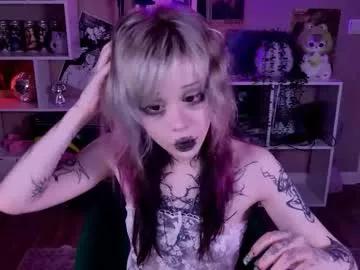 _lollyshy_ from Chaturbate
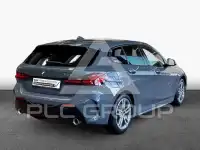 2024 BMW 120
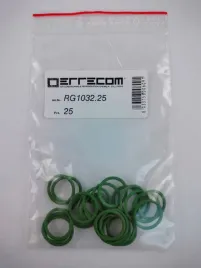 uszczelki-o-ring-rg1032-25-sztuk-do-zestawow-rk1011-rk1166-rk1048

= = = = = = =

* **YOUR ASSIGNMENT**
Retype the listing above exactly. Pictures are not part of the copy.

* **EXERCISE RESULT**
 _lollyshy_ from Chaturbate
 2024 BMW 120
 uszczelki-o-ring-rg1032-25-sztuk-do-zestawow-rk1011-rk1166-rk1048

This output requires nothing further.